I have an function $f$ with a Taylor expansion $f(x) = \sum_{k=0}^\infty a_k x^k$.
Suppose I write the function in terms of its remainder: $$f(x) = P_{N}(x) + R_{N+1}(x)$$ where $P_N$ contains all the terms in the Taylor series of $O(x^N)$ and below, and remainder $R_{N+1}(x)$ contains all terms above.
Suppose I have an independently obtained bound $|f(x)| \leq \sum_{k=0}^\infty |b_k| x^k$ for all $x>0$.

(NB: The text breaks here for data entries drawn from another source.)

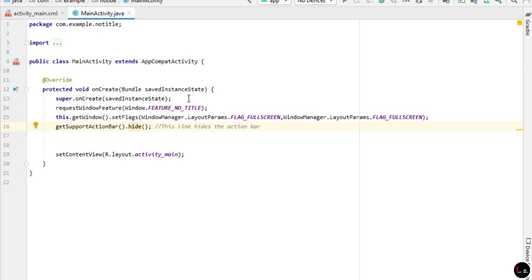If you want to remove action bar and title bar from every activity, then just copy and paste these lines in every activity.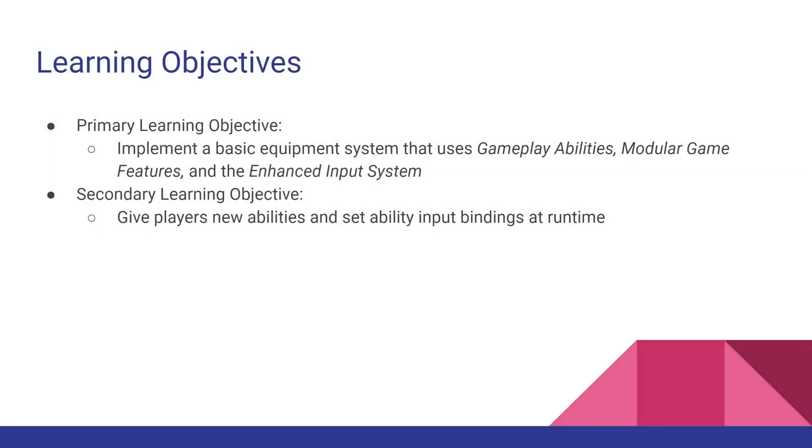In this video, I'm going to show you how to create a very basic equipment system that uses gameplay abilities, modular game features, and the enhanced input system. The main goal of this video is to show you how these three things interact with each other, because I know there's very little examples and documentation of these things online, much less how they interact with each other. So I hope you find this useful.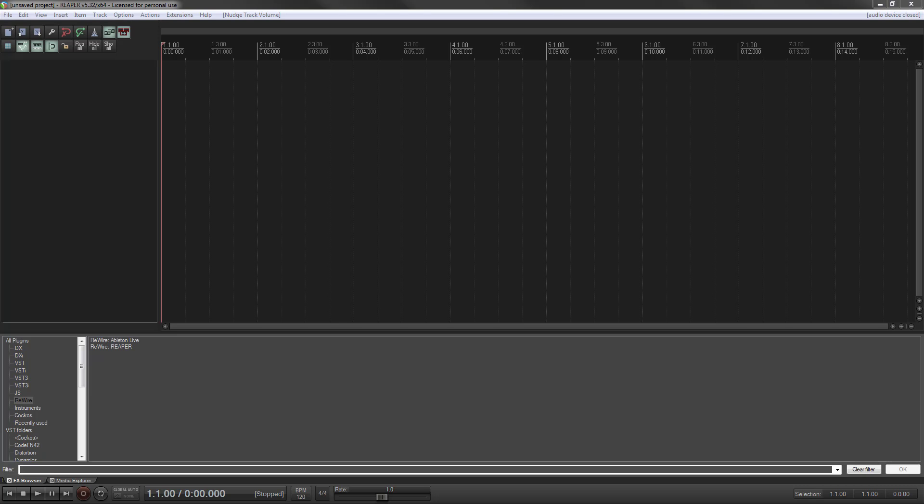Hi, this is Josh with Programmable Audio. I'm here today to do a tutorial on Rewire in Reaper.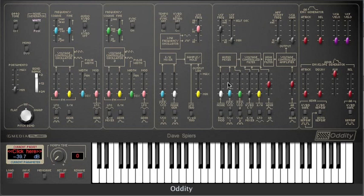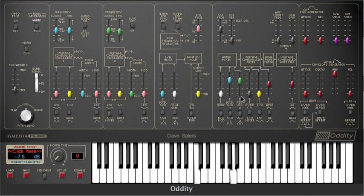Secondly, turn both oscillators up in the mixer section. In terms of waveforms for each, I generally prefer the sharpness of the sawtooth, so let's set both oscillators to that.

Can I prove a bound of the form:
$$ |R_{N+1}(x)| \leq \sum_{k=N+1}^\infty |b_k| x^k,$$
(essentially, does the remainder of my upper bound always bound the remainder of the original function)?
Let's try $f(x) = \sin x$. Check these details:
The Maclaurin series is $$ f(x) = x-\frac{1}{6}x^3+O(x^5) $$ It is known that $$ |f(x)| \le 1\qquad\text{for all } x . $$ So we can use $b_0=1$ with $b_k = 0$ for all $k \ge 1$ to achieve $$ |f(x)| \le |b_0|+|b_1| x + |b_2| x^2 + \dots\qquad \text{for all } x. $$ Consider $P_2(x) = x$ and $R_3(x) = \sin x - x$. However, we do not have inequality $|P_3(x)| \le |b_3|x^3+\dots$ That is, we do not have $|\sin x - x| = 0$.
In fact, we do not even have $|R_3(x)| \le 1$.